There is also evidence of hands-on creative and practical activity in Reception. A published Foundation Stage update describes introducing a woodwork bench and tools, with children learning to use a hammer and nails under supervision. That is a strong example of early independence and fine-motor development, and it tells you something about staff confidence in managed risk.
Finally, the school promotes safer and more active travel through its 5 minute walking bubble initiative, encouraging families to park a little further away and walk the last stretch. In a busy village location, that is both a safety measure and a culture signal.
School hours are set out clearly in the 2025 to 2026 handbook: doors open at 8.45am, registers are at 8.55am, with a midday break around 12 noon and an afternoon session running 1.00pm to 3.00pm.
Wraparound care exists, but it is not on the infant site. The school’s wraparound care is based at William de Yaxley Academy and is provided by Junior Adventures Group, with a walking bus to school in the morning and after school.
On travel and parking, the handbook notes that the car park at the front of the school is for staff and official visitors, and asks parents not to park in front of the school for safety reasons. The school also highlights its location in Yaxley, with proximity to Peterborough and the A1 as a practical consideration for commuting families.
This is an infant school, not a full primary. Children generally transfer to a junior school at the end of Year 2, and Cambridgeshire’s process expects families at infant schools to make a separate junior transfer application for Year 3.

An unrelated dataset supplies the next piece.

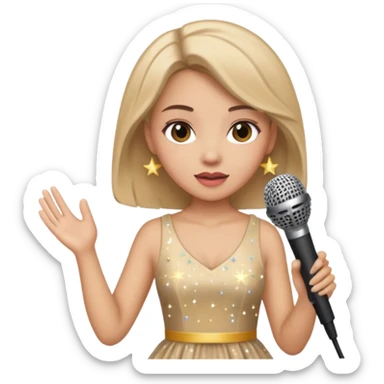 dọa cat is singing, 2 hands holding mirco and twinkle dresss sticker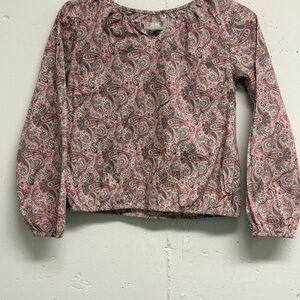 Girls' Pink Paisley Long-Sleeve Blouse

Admission can be competitive. In the most recent admissions snapshot available, applications exceeded offers, which can make catchment detail and straight-line distance decisive for some families.
Early reading support is strong, but improvement priorities exist. The latest inspection identified a small number of pupils needing more regular opportunities to practise sounds and words to build reading fluency; ask how extra practice is organised if this is relevant for your child.
Wraparound care is off-site. Breakfast and after-school childcare is available via an external provider based at the nearby junior setting, which works well for some families but adds logistics for others.
Yaxley Infant School offers a well-structured start to school life, with clear routines, thoughtful transition planning, and an unusually explicit focus on emotional regulation and wellbeing supports for very young pupils. It is best suited to families who want a Reception to Year 2 setting with strong pastoral scaffolding, purposeful early reading, and outdoor space that is used as part of learning, and who are comfortable planning ahead for the Year 3 move to junior school. The main challenge is admission logistics in an oversubscribed context, plus the practicalities of off-site wraparound care.
The most recent inspection outcome available online is Good, with all graded areas listed as Good. The report describes pupils as happy and safe, and highlights calm, positive relationships and an ambitious curriculum.
Reception applications follow the coordinated local authority route. The school publishes an annual timeline that includes applications opening in September, a closing date of 15 January, and offers released on 16 April.
Yes. The school publishes a catchment description and uses straight-line distance as a tie-break, with oversubscription criteria that prioritise looked-after children, siblings and catchment-area applicants before distance-based allocations.
The 2025 to 2026 handbook states doors open at 8.45am, registers are at 8.55am, and the afternoon session runs 1.00pm to 3.00pm.
Yes, but it is delivered off-site. The school says breakfast and after-school childcare is provided at William de Yaxley Academy by Junior Adventures Group, with a walking bus to and from school.